Skip to content
Snippets Groups Projects
  1. Jan 01, 2023
  2. Oct 01, 2022
  3. Sep 30, 2022
  4. Sep 29, 2022
  5. Sep 28, 2022
    • Robert Carr's avatar
      BlastBufferQueue: Fake release if not received by complete · 405e2f68
      Robert Carr authored
      This is a cherry-pick from of a CL from sc-v2 adding a safety mechanism
      for lost buffers. The original CL probably should have been merged in to master,
      and I can't relate to my thought process adding DO NOT MERGE on the
      original CL. Recently we have started seeing some of these ANRs again.

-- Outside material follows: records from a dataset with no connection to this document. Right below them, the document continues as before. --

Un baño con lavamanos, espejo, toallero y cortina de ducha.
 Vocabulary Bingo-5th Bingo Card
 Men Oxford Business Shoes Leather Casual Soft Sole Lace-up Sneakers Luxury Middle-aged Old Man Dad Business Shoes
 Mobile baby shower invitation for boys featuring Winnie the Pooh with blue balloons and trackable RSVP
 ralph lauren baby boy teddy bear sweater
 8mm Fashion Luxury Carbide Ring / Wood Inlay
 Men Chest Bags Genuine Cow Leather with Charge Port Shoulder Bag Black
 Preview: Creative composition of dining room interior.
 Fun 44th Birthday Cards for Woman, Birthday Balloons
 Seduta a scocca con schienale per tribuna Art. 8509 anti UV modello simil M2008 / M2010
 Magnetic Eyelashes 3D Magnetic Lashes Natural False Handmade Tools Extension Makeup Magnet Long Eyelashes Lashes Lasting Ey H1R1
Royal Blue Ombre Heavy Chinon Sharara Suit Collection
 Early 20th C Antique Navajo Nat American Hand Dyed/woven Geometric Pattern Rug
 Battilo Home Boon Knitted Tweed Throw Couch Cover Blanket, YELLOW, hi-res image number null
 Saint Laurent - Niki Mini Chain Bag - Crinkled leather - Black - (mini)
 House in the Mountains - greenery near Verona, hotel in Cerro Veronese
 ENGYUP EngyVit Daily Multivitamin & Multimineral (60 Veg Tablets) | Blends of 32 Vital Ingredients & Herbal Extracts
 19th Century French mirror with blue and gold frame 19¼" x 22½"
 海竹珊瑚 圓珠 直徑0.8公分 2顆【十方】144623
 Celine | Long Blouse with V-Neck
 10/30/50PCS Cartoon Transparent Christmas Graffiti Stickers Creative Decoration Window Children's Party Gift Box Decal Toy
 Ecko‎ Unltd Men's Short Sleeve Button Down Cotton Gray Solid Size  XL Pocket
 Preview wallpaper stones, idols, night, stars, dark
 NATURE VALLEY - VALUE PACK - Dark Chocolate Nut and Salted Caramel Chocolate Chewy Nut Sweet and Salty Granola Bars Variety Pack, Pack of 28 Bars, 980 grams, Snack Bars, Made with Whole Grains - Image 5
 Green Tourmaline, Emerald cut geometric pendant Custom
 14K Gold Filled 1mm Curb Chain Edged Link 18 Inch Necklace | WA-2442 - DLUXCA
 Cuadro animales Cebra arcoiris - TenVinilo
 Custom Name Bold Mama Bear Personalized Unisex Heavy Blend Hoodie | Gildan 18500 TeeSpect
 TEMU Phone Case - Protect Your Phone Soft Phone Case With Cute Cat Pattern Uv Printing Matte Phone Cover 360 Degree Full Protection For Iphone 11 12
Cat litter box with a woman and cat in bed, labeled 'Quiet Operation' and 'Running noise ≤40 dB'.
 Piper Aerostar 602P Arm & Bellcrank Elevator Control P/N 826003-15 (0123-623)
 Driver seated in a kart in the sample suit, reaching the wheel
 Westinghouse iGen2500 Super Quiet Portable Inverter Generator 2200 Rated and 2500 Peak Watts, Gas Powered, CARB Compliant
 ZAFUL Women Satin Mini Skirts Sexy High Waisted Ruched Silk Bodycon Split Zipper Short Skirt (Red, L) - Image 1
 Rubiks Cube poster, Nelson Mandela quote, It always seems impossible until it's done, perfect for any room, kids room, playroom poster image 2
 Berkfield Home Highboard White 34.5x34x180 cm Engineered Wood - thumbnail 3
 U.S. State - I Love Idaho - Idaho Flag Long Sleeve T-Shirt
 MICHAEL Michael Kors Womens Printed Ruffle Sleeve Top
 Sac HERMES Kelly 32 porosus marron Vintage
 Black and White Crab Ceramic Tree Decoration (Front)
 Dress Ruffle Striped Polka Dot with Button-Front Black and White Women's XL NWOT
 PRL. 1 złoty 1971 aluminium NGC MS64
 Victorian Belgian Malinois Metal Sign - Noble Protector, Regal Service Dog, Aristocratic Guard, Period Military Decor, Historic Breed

      Well actually we have seen them continuously, but most have been due to
      GPU hangs. Recently we started seeing some which aren't due to GPU
      hangs. We found one trace, which showed the sort of situation described
      below, which lead me to realizing this code was never merged in to
      master. It shoud be relatively safe since we released it on sc-v2.
      
      Perfetto telemetry shows a cluster where a transactionComplete is
      arriving but an earlier releaseBufferCallback has never arrived.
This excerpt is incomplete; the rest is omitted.